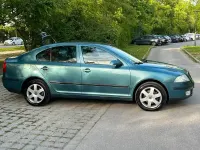 Używany Skoda Octavia 150 KM (110 kW) 2005 Zielony Sedan/Limuzyna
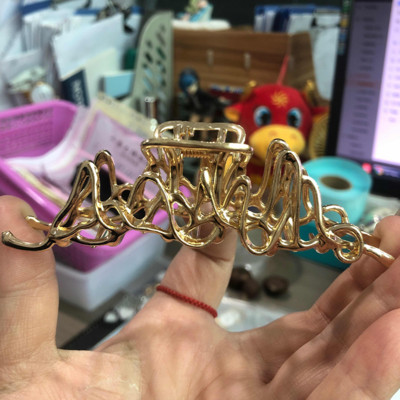 1db Szabálytalan női hajtű nagy fém hajkarmok hajkiegészítők lányoknak koreai hajtű lófarok Barrett divatos hajcsat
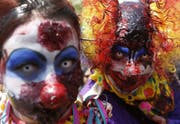 Horror-Clowns wollen mit ihrem Aussehen unschuldige Passanten erschrecken. (Symbolbild) (Bild: FELIPE TRUEBA (EPA))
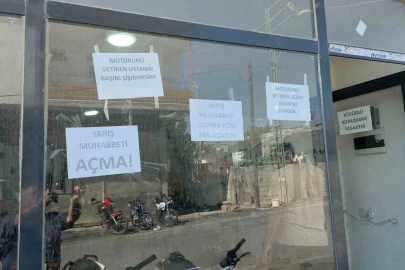 Motosiklet tamir ustası, tamirhanede yarış muhabbetini ve küfrü cama astığı yazıyla yasakladı

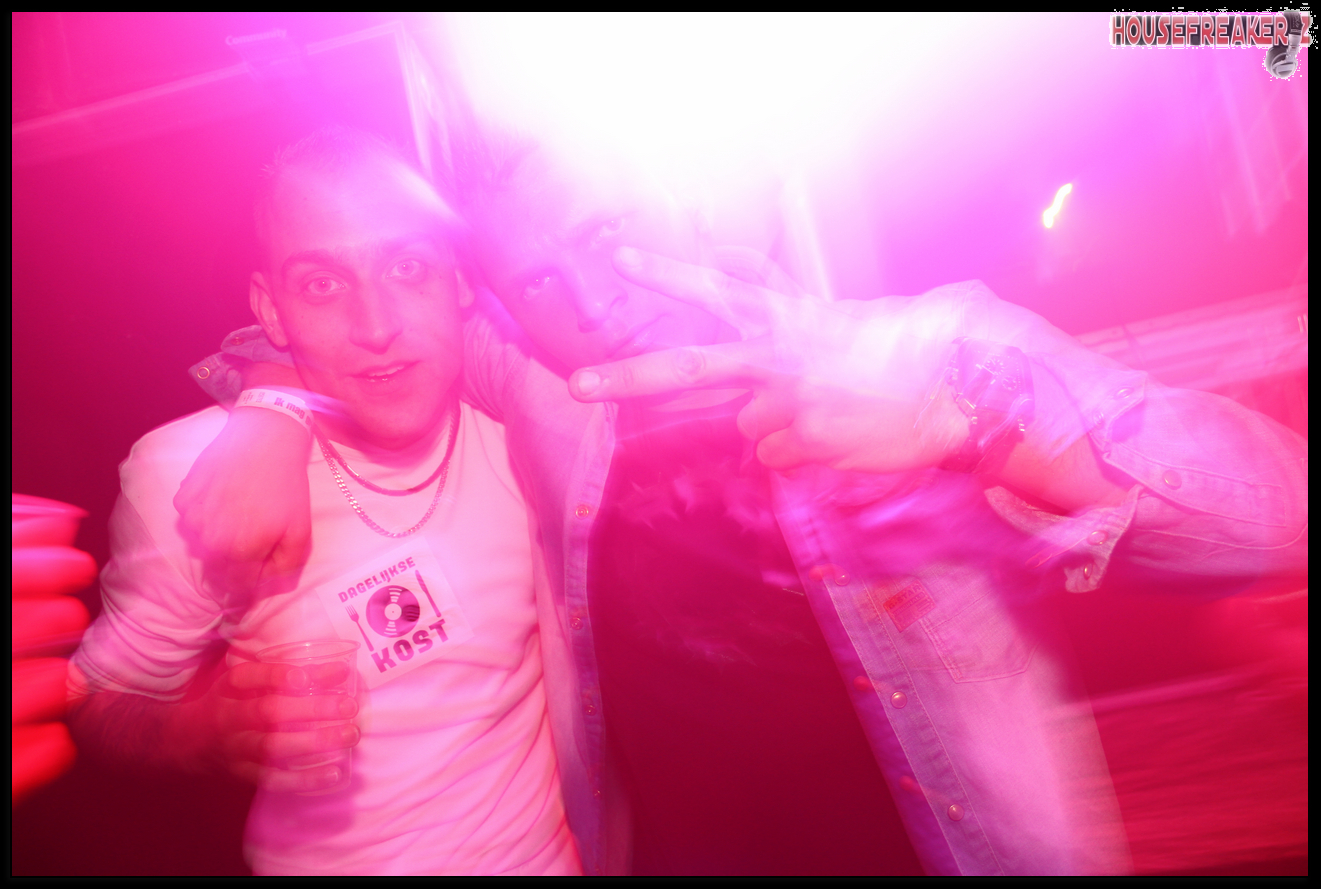 1321x889 pixels (1.042K)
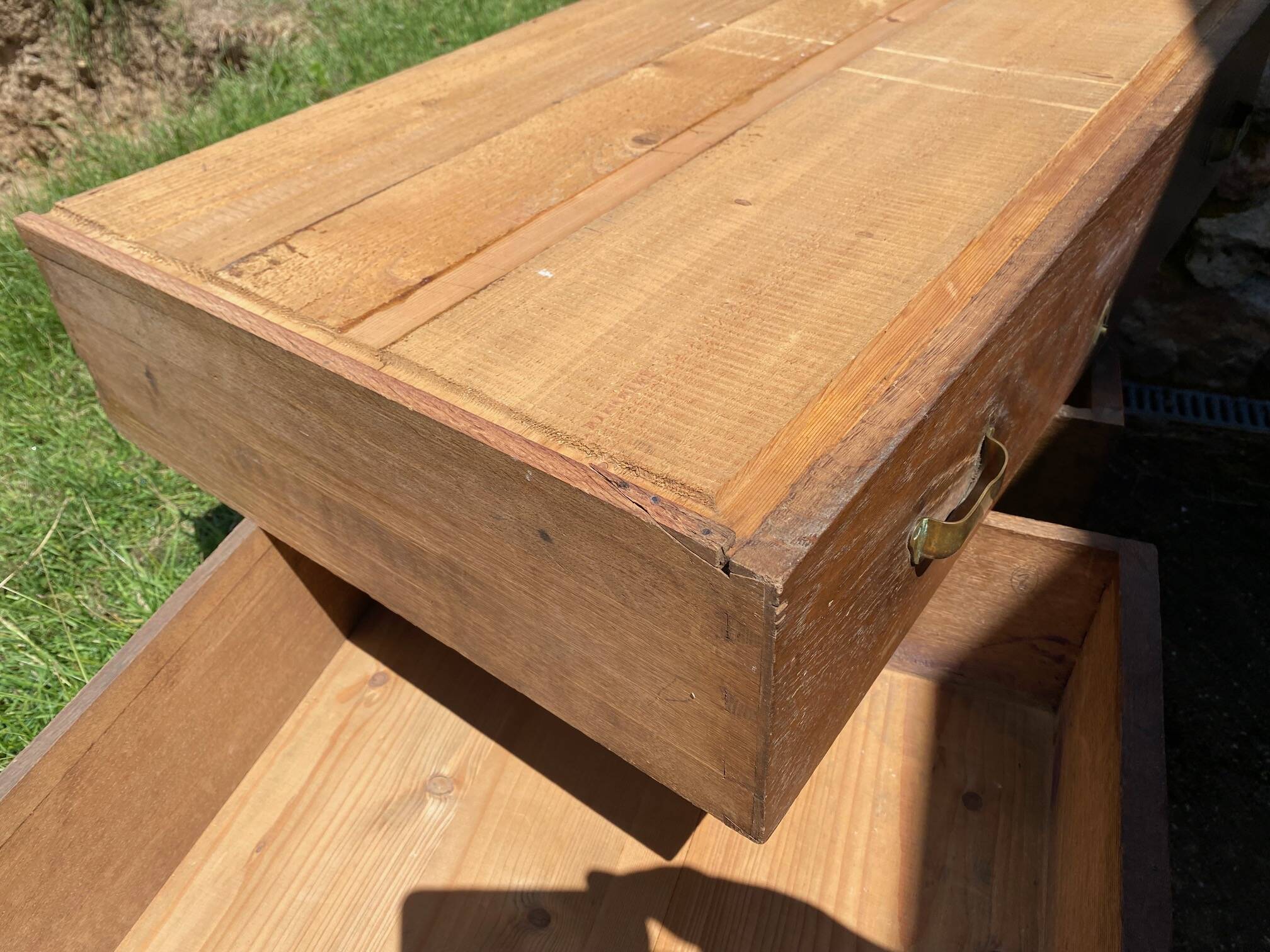Old and authentic workshop counter with 3 large oak drawers.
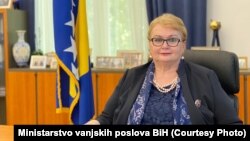Ministarka spoljnih poslova BiH, Bisera Turković, osudila je rusku invaziju na Ukrajinu, i poručila da se radi o "šokantnim scenama". U objavi na Tviteru, rekla je da se "BiH sjeća koliko zlo može biti rat"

== BRIEF ==
Print the data again, word for word, without any pictures.

== TASK OUTPUT ==
 Używany Skoda Octavia 150 KM (110 kW) 2005 Zielony Sedan/Limuzyna
 1db Szabálytalan női hajtű nagy fém hajkarmok hajkiegészítők lányoknak koreai hajtű lófarok Barrett divatos hajcsat
 Horror-Clowns wollen mit ihrem Aussehen unschuldige Passanten erschrecken. (Symbolbild) (Bild: FELIPE TRUEBA (EPA))
 Motosiklet tamir ustası, tamirhanede yarış muhabbetini ve küfrü cama astığı yazıyla yasakladı

 1321x889 pixels (1.042K)
Old and authentic workshop counter with 3 large oak drawers.
Ministarka spoljnih poslova BiH, Bisera Turković, osudila je rusku invaziju na Ukrajinu, i poručila da se radi o "šokantnim scenama". U objavi na Tviteru, rekla je da se "BiH sjeća koliko zlo može biti rat"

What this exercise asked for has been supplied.